**Exercise prompt**
Copy all of the records exactly.

**Supplied data**
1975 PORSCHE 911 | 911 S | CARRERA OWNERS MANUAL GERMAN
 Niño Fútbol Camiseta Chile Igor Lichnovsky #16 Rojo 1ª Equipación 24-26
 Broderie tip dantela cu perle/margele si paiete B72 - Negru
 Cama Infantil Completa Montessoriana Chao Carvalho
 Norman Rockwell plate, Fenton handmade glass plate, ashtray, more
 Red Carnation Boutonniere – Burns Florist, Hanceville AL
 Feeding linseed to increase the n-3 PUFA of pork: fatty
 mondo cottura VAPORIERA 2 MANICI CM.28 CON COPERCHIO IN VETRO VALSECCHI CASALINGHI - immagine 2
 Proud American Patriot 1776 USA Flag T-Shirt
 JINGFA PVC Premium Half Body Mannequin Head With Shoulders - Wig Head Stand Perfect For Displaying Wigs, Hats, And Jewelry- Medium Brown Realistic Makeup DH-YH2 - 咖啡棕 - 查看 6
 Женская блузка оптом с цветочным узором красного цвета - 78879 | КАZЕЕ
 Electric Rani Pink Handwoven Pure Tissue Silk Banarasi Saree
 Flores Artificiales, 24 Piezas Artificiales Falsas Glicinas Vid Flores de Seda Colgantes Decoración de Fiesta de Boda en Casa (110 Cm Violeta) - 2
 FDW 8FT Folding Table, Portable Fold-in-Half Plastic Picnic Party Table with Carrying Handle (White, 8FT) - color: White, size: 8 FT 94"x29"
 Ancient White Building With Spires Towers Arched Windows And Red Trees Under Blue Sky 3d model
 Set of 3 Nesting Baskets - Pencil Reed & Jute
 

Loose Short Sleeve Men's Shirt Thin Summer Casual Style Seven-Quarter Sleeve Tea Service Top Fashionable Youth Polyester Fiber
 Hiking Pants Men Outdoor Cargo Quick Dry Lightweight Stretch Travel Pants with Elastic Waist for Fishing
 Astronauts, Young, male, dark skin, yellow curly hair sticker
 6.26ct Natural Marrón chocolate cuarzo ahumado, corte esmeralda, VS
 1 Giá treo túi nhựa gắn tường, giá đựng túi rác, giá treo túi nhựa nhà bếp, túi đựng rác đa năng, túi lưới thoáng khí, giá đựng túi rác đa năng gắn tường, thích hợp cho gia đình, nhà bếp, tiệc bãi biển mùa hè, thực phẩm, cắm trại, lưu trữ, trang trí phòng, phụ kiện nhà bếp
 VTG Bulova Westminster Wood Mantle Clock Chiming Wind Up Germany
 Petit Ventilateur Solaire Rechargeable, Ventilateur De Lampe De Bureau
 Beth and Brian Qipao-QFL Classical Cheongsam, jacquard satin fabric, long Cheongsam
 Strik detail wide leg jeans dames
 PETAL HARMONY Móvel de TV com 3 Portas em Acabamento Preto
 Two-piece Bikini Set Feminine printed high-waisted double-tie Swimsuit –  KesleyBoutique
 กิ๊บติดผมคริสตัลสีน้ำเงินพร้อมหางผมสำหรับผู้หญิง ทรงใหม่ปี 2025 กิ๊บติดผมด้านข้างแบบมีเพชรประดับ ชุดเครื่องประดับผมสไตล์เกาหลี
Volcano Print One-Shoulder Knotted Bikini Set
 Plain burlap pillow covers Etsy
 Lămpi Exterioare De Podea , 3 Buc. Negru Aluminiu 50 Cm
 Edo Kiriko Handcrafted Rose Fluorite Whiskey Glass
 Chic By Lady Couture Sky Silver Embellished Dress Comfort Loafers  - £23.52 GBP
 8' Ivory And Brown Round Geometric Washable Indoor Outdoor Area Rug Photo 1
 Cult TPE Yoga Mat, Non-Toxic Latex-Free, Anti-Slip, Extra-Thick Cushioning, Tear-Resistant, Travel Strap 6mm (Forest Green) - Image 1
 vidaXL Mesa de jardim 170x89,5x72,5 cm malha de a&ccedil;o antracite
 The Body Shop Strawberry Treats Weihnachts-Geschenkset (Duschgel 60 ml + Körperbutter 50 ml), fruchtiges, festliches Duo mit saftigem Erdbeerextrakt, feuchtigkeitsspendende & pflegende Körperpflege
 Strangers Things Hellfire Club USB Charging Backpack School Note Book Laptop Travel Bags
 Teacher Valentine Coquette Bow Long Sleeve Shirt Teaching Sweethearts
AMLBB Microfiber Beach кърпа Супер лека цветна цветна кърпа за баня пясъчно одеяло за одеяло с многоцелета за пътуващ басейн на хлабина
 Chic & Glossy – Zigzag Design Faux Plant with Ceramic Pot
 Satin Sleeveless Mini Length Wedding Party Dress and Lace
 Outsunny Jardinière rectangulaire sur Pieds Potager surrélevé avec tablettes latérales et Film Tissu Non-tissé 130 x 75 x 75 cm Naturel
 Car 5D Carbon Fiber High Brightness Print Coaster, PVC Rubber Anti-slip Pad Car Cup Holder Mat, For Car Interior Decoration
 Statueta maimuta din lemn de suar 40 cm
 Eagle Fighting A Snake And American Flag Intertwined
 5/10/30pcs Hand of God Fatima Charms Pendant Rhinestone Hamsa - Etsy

**Exercise solution**
1975 PORSCHE 911 | 911 S | CARRERA OWNERS MANUAL GERMAN
 Niño Fútbol Camiseta Chile Igor Lichnovsky #16 Rojo 1ª Equipación 24-26
 Broderie tip dantela cu perle/margele si paiete B72 - Negru
 Cama Infantil Completa Montessoriana Chao Carvalho
 Norman Rockwell plate, Fenton handmade glass plate, ashtray, more
 Red Carnation Boutonniere – Burns Florist, Hanceville AL
 Feeding linseed to increase the n-3 PUFA of pork: fatty
 mondo cottura VAPORIERA 2 MANICI CM.28 CON COPERCHIO IN VETRO VALSECCHI CASALINGHI - immagine 2
 Proud American Patriot 1776 USA Flag T-Shirt
 JINGFA PVC Premium Half Body Mannequin Head With Shoulders - Wig Head Stand Perfect For Displaying Wigs, Hats, And Jewelry- Medium Brown Realistic Makeup DH-YH2 - 咖啡棕 - 查看 6
 Женская блузка оптом с цветочным узором красного цвета - 78879 | КАZЕЕ
 Electric Rani Pink Handwoven Pure Tissue Silk Banarasi Saree
 Flores Artificiales, 24 Piezas Artificiales Falsas Glicinas Vid Flores de Seda Colgantes Decoración de Fiesta de Boda en Casa (110 Cm Violeta) - 2
 FDW 8FT Folding Table, Portable Fold-in-Half Plastic Picnic Party Table with Carrying Handle (White, 8FT) - color: White, size: 8 FT 94"x29"
 Ancient White Building With Spires Towers Arched Windows And Red Trees Under Blue Sky 3d model
 Set of 3 Nesting Baskets - Pencil Reed & Jute
 

Loose Short Sleeve Men's Shirt Thin Summer Casual Style Seven-Quarter Sleeve Tea Service Top Fashionable Youth Polyester Fiber
 Hiking Pants Men Outdoor Cargo Quick Dry Lightweight Stretch Travel Pants with Elastic Waist for Fishing
 Astronauts, Young, male, dark skin, yellow curly hair sticker
 6.26ct Natural Marrón chocolate cuarzo ahumado, corte esmeralda, VS
 1 Giá treo túi nhựa gắn tường, giá đựng túi rác, giá treo túi nhựa nhà bếp, túi đựng rác đa năng, túi lưới thoáng khí, giá đựng túi rác đa năng gắn tường, thích hợp cho gia đình, nhà bếp, tiệc bãi biển mùa hè, thực phẩm, cắm trại, lưu trữ, trang trí phòng, phụ kiện nhà bếp
 VTG Bulova Westminster Wood Mantle Clock Chiming Wind Up Germany
 Petit Ventilateur Solaire Rechargeable, Ventilateur De Lampe De Bureau
 Beth and Brian Qipao-QFL Classical Cheongsam, jacquard satin fabric, long Cheongsam
 Strik detail wide leg jeans dames
 PETAL HARMONY Móvel de TV com 3 Portas em Acabamento Preto
 Two-piece Bikini Set Feminine printed high-waisted double-tie Swimsuit –  KesleyBoutique
 กิ๊บติดผมคริสตัลสีน้ำเงินพร้อมหางผมสำหรับผู้หญิง ทรงใหม่ปี 2025 กิ๊บติดผมด้านข้างแบบมีเพชรประดับ ชุดเครื่องประดับผมสไตล์เกาหลี
Volcano Print One-Shoulder Knotted Bikini Set
 Plain burlap pillow covers Etsy
 Lămpi Exterioare De Podea , 3 Buc. Negru Aluminiu 50 Cm
 Edo Kiriko Handcrafted Rose Fluorite Whiskey Glass
 Chic By Lady Couture Sky Silver Embellished Dress Comfort Loafers  - £23.52 GBP
 8' Ivory And Brown Round Geometric Washable Indoor Outdoor Area Rug Photo 1
 Cult TPE Yoga Mat, Non-Toxic Latex-Free, Anti-Slip, Extra-Thick Cushioning, Tear-Resistant, Travel Strap 6mm (Forest Green) - Image 1
 vidaXL Mesa de jardim 170x89,5x72,5 cm malha de a&ccedil;o antracite
 The Body Shop Strawberry Treats Weihnachts-Geschenkset (Duschgel 60 ml + Körperbutter 50 ml), fruchtiges, festliches Duo mit saftigem Erdbeerextrakt, feuchtigkeitsspendende & pflegende Körperpflege
 Strangers Things Hellfire Club USB Charging Backpack School Note Book Laptop Travel Bags
 Teacher Valentine Coquette Bow Long Sleeve Shirt Teaching Sweethearts
AMLBB Microfiber Beach кърпа Супер лека цветна цветна кърпа за баня пясъчно одеяло за одеяло с многоцелета за пътуващ басейн на хлабина
 Chic & Glossy – Zigzag Design Faux Plant with Ceramic Pot
 Satin Sleeveless Mini Length Wedding Party Dress and Lace
 Outsunny Jardinière rectangulaire sur Pieds Potager surrélevé avec tablettes latérales et Film Tissu Non-tissé 130 x 75 x 75 cm Naturel
 Car 5D Carbon Fiber High Brightness Print Coaster, PVC Rubber Anti-slip Pad Car Cup Holder Mat, For Car Interior Decoration
 Statueta maimuta din lemn de suar 40 cm
 Eagle Fighting A Snake And American Flag Intertwined
 5/10/30pcs Hand of God Fatima Charms Pendant Rhinestone Hamsa - Etsy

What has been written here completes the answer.